Opinion polls have so far shown neither the ‘remain’ nor the ‘leave’ campaign emerging with a clear lead in the run-up to the June 23 referendum.
Earlier this month the Bank of England said there were signs that the referendum was denting business investment. It cited a slowdown in commercial property deals.
“At least in the short term, we know that international retailers and service providers are finding the UK market less attractive,” said Simon Rubinsohn, chief economist at RICS.
Forty-three percent of RICS members thought that leaving the EU would hurt Britain’s commercial property sector, compared with 6 percent who thought it would have a positive impact.
RICS does not have a view on whether it would be best for Britain to stay in the EU, it said.

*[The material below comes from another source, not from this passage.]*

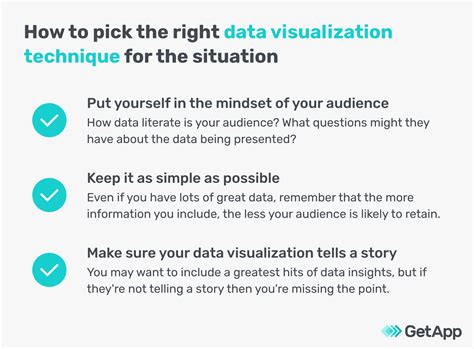 What Are Data Visualization Techniques, and How Can They Power Up Your ...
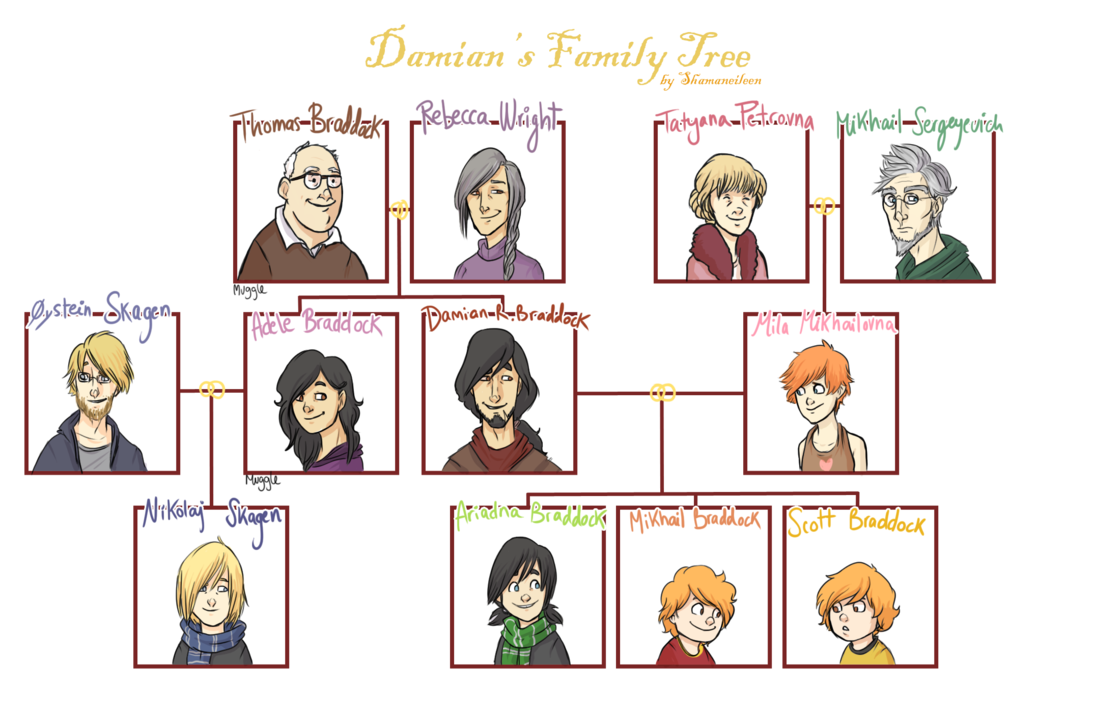 What Is Family Tree In Spanish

Britain’s residential housing market also looks set for a soft patch in the run-up to the referendum. RICS surveyors last week forecast the slowest house price growth in almost a year.
By contrast, there have been few signs that Brexit uncertainty has hurt Britain’s booming car manufacturing industry, a separate report showed on Thursday.

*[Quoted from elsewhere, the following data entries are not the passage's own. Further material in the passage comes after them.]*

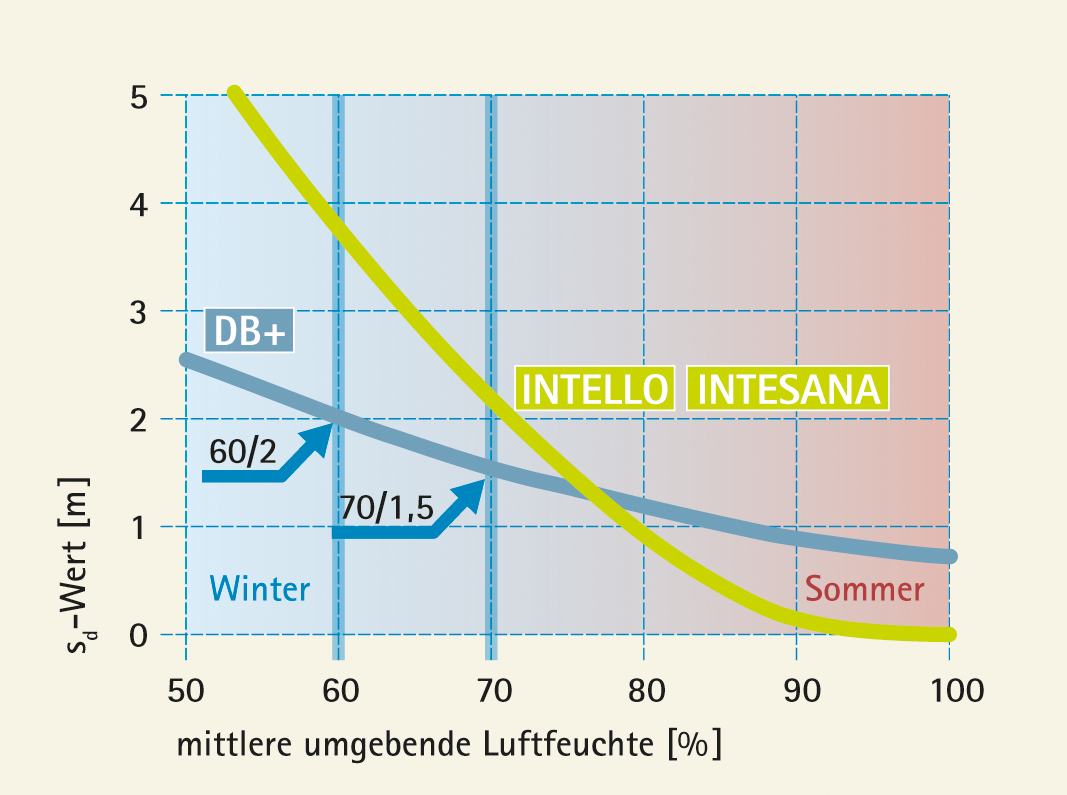 Vorschaubild der Version vom 12:52, 17. Nov. 2014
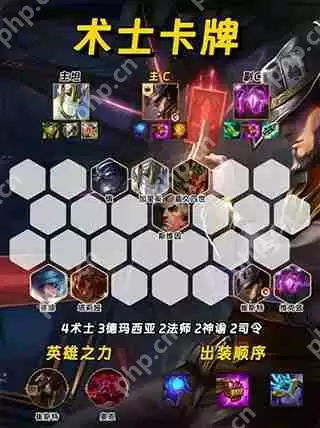 金铲铲之战新赛季阵容搭配攻略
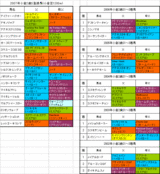 ����2��S��Ͽ�Ϥη���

The Society of Motor Manufacturers and Traders said 159,075 cars were manufactured in Britain during March – up 10 percent compared with a year ago and on track to hit an all-time British car production record by 2020.
Asked whether referendum uncertainty was affecting the sector, SMMT chief executive Mike Hawes pointed to announcements of investment in recent months and years, adding that the investment cycle in the car industry lasted about four years.
“We don’t expect any upheaval in the short term, but the medium to long term is more uncertain,” he said.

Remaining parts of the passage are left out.